- Material provided

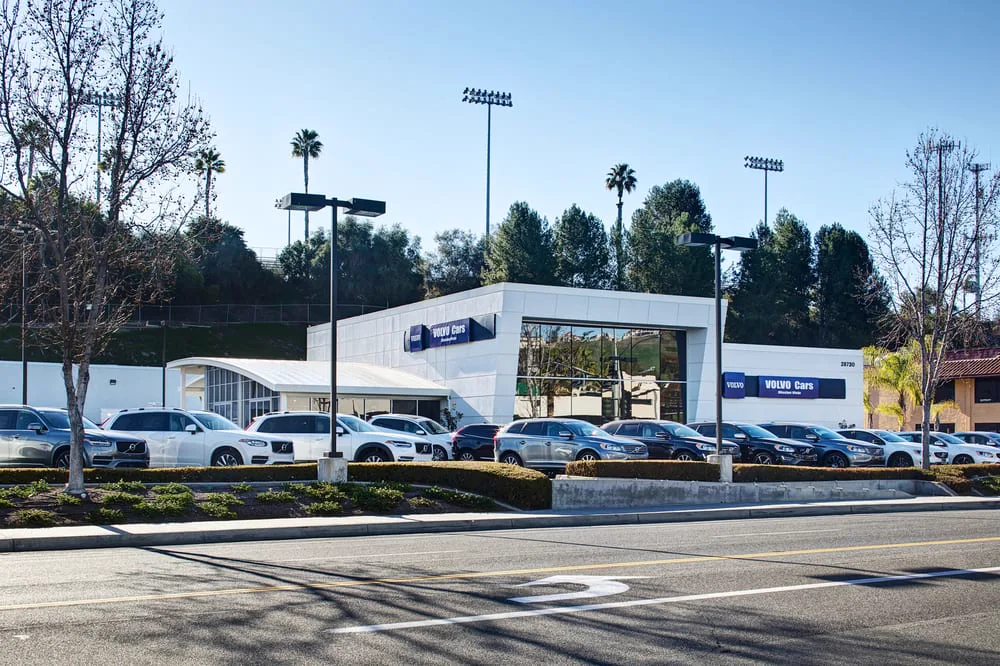 Volvo dealership exterior with cars displayed along the street.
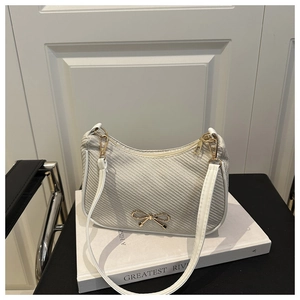 Close-up of gray woven hobo bag with golden bow hardware on white book and chair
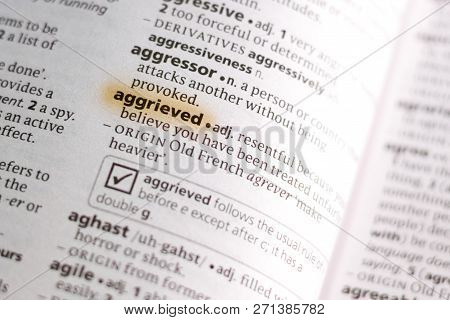 The Word Or Phrase Aggrieved In A Dictionary Highlighted With Marker.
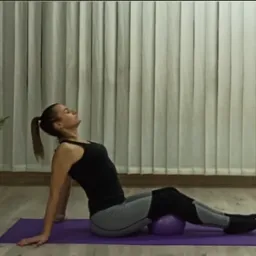 Kobieta w czarnym topie i szarych legginsach siedzi na fioletowej macie, opierając się plecami o podłogę i używając małej fioletowej piłki pod pośladkami, ćwicząc rozciąganie kręgosłupa w jasnym...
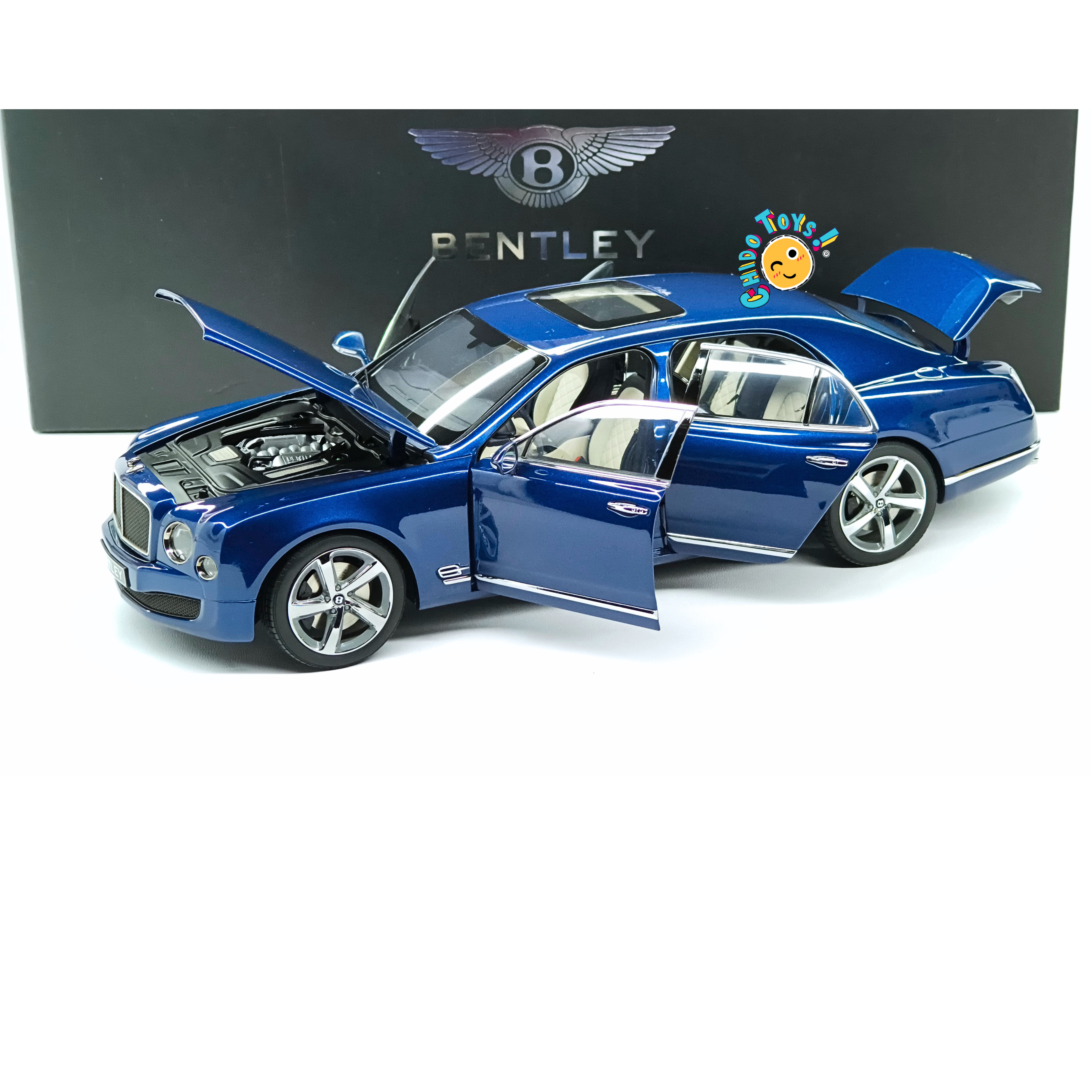 Kyosho Bentley Mulsanne Speed 2014 1:18 Marlin Blue, diecast con apertura total, dirección funcional y caja Bentley original.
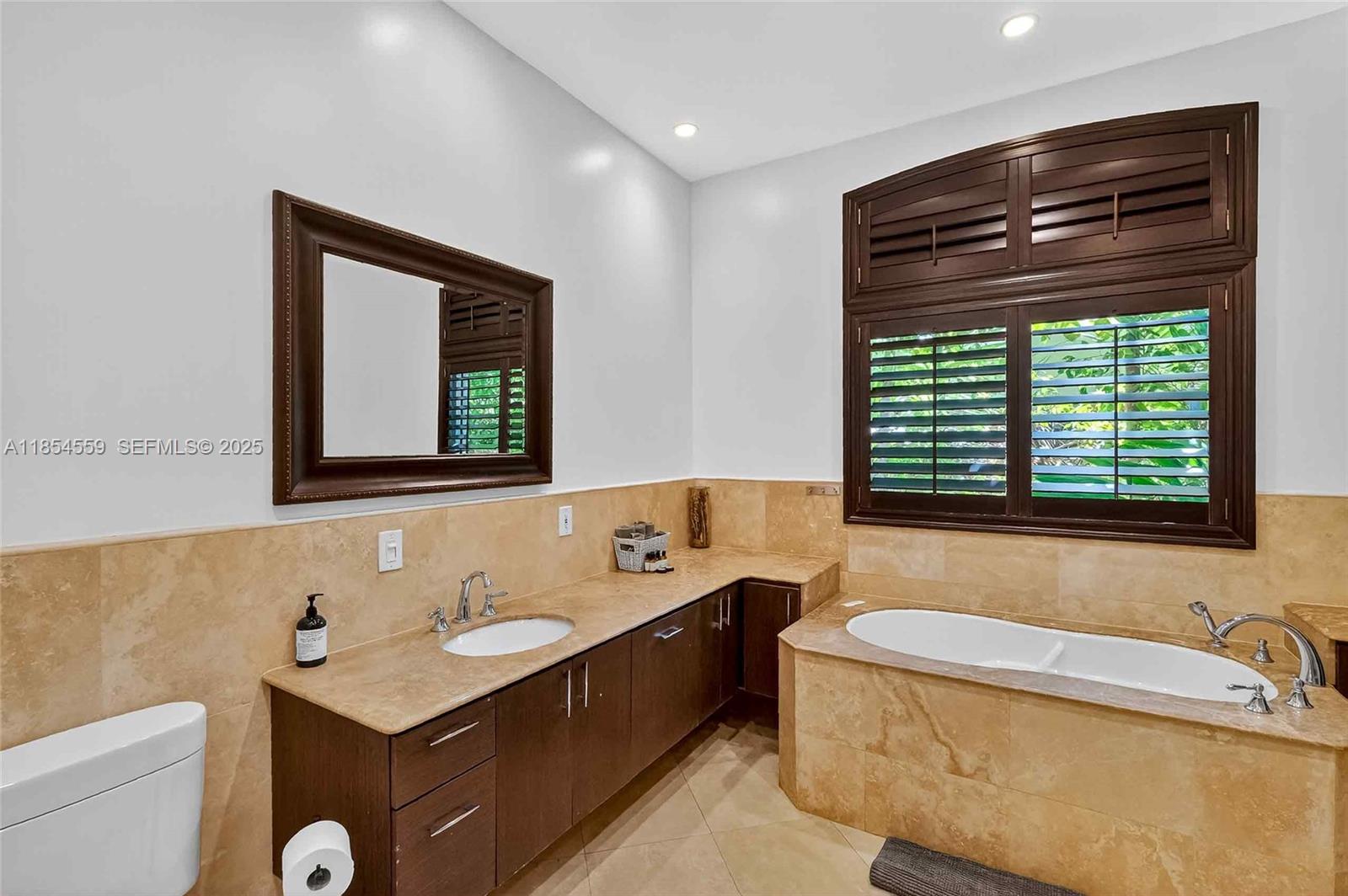 1051 Northeast 89th Street Miami, FL 33138 - Photo 43 of 71 a bathroom with a sink and a bathtub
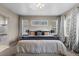 Comfortable bedroom featuring a large bed, soft carpet, and ample natural light at 1734 Summerglow Ln, Monument, CO 80132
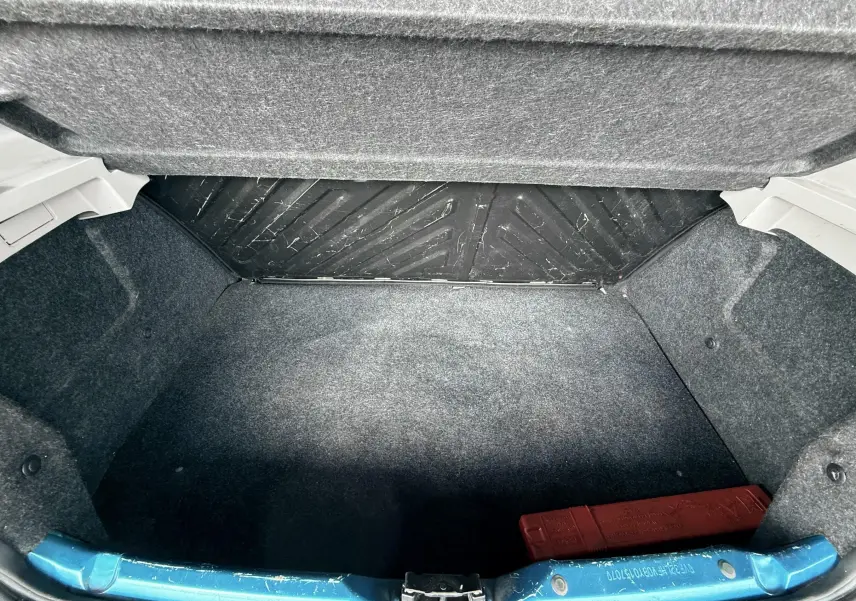 Coffre ouvert vu de face d’une Peugeot 206+ bleu, montrant un espace vide avec un triangle de signalisation rouge.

- What needs to be done
For this exercise, reproduce the data above exactly from the line containing "Kyosho Bentley Mulsanne" through its final line, both ends included, with no pictures in the copy.

- Answer to this task
 Kyosho Bentley Mulsanne Speed 2014 1:18 Marlin Blue, diecast con apertura total, dirección funcional y caja Bentley original.
 1051 Northeast 89th Street Miami, FL 33138 - Photo 43 of 71 a bathroom with a sink and a bathtub
 Comfortable bedroom featuring a large bed, soft carpet, and ample natural light at 1734 Summerglow Ln, Monument, CO 80132
 Coffre ouvert vu de face d’une Peugeot 206+ bleu, montrant un espace vide avec un triangle de signalisation rouge.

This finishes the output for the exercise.